Thompson also incorporated and constructed the Camden, Gloucester & Woodbury Railway, a pioneer trolley line built in the early part of the 1890s. The impetus for this line's
raison d'etre was the inability of Thompson's Gloucester ferryboats to handle the press of crowd coming from Philadelphia. He created a trolley line that originated at the Kaighn's Point ferry in Camden, allowing many more would-be visitors to enter the Valhalla of sin and amusement.
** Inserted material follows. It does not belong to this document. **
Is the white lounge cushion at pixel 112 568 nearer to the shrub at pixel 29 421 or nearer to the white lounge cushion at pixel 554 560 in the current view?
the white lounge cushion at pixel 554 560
Thompson's crowning achievement, and the one that he is best remembered for, was the construction of Washington Park on the Delaware. This amusement park was located just over Big Timber Creek in West Deptford Township, Gloucester County. A grander amusement park never existed on the river before or since. Thompson had to have the biggest and best of everything—the largest Ferris wheel, 100 feet in diameter; the tallest water slide; the wildest scenic railway; and the longest pier along the river. If you arrived by steamboat, you had three choices to travel from the pier into the park: you could walk; you could climb aboard the cars of the scenic railway; or ride a trolley on a spur from the tracks of the Camden, Gloucester & Woodbury. The park burned in 1905; Thompson rebuilt, severely straining his finances and his health. In 1911, a second fire all but destroyed the entertainment center. Thompson was too sick and too bankrupt to rebuild a second time and his business colleagues razed the park.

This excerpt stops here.